#### Aim of the task:
Word for word, restate the listing that follows and leave out the images.
Given information Block Start
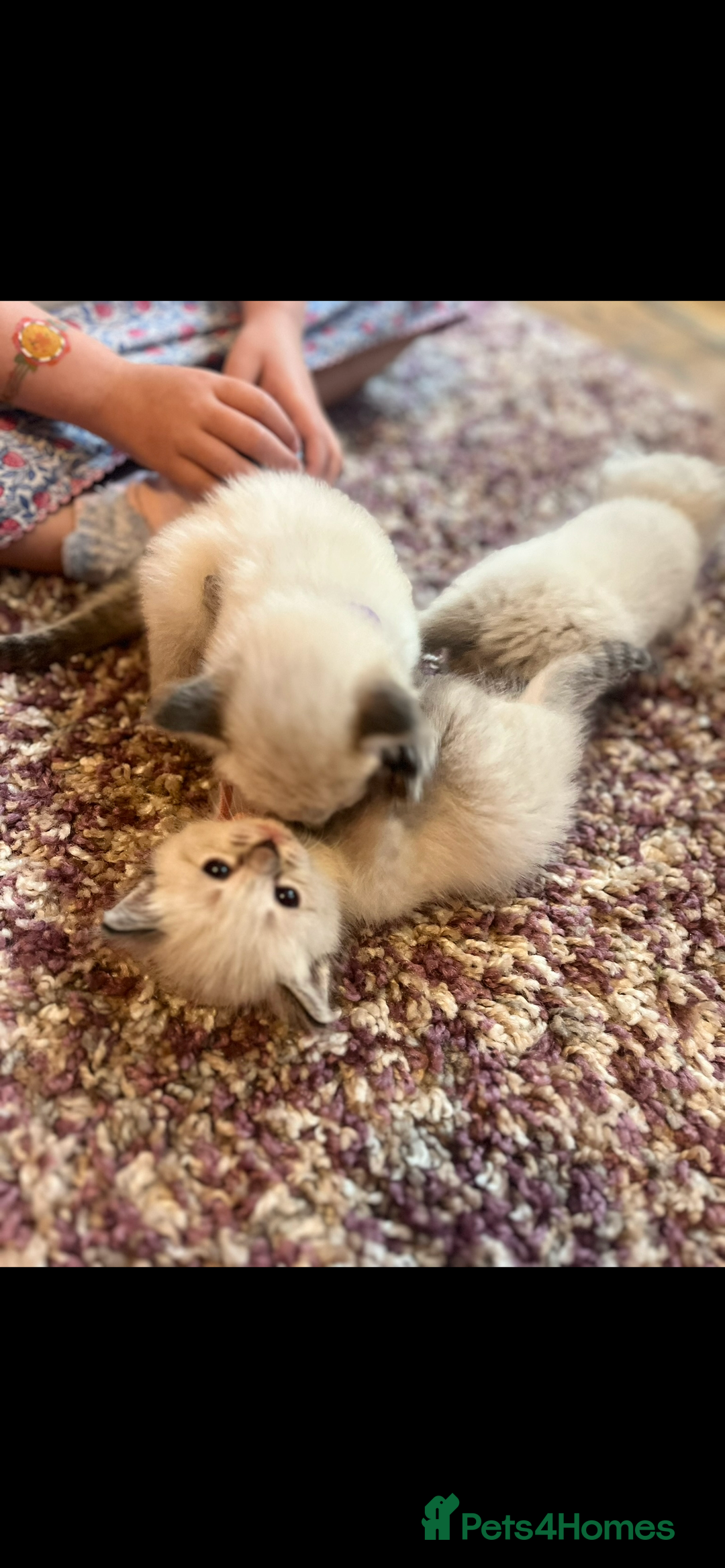 Ragdoll cats for sale: Gorgeous pedigree Ragdoll kittens for sale  - Image 6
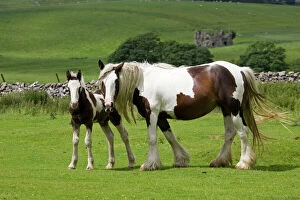 Images Dated 20th June 2007: Brown and white piebald horse with young foal North Yorkshire Moors UK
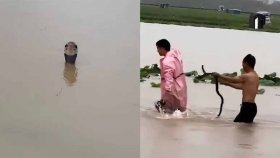 বন্যার পানিতে ভেসে এলো ৯০০ সাপ, কামড়ে নারীর মৃত্যু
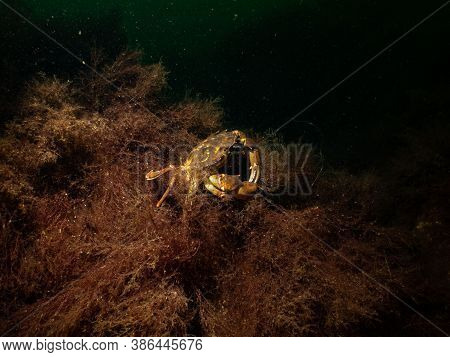 A Closeup Picture Of A Crab In A Beautiful Marine Environment. Picture From Oresund, Malmo In Southe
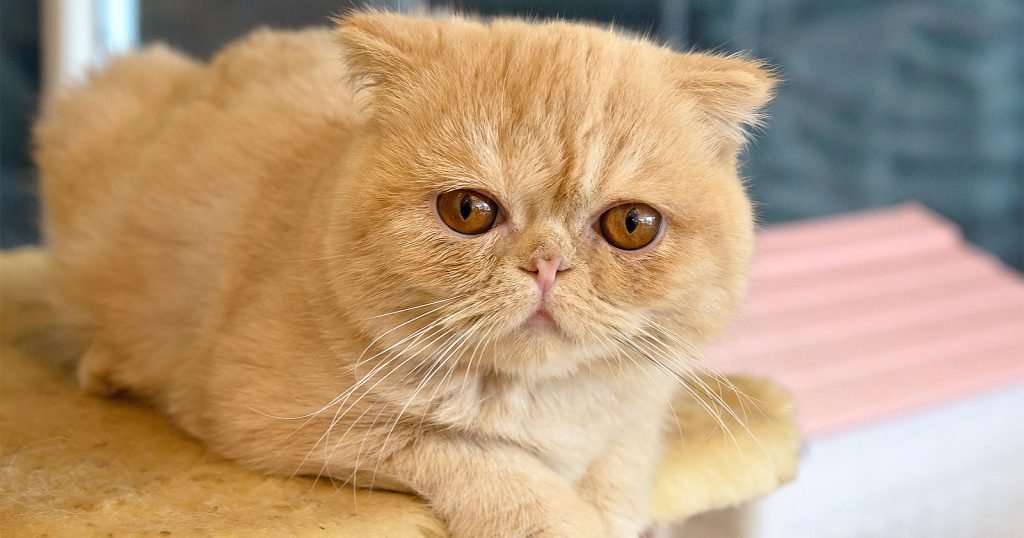 Jenis Exotic Shorthair | Credit: BliBli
Given information Block End
#### Exercise answer:
 Ragdoll cats for sale: Gorgeous pedigree Ragdoll kittens for sale  - Image 6
 Images Dated 20th June 2007: Brown and white piebald horse with young foal North Yorkshire Moors UK
 বন্যার পানিতে ভেসে এলো ৯০০ সাপ, কামড়ে নারীর মৃত্যু
 A Closeup Picture Of A Crab In A Beautiful Marine Environment. Picture From Oresund, Malmo In Southe
 Jenis Exotic Shorthair | Credit: BliBli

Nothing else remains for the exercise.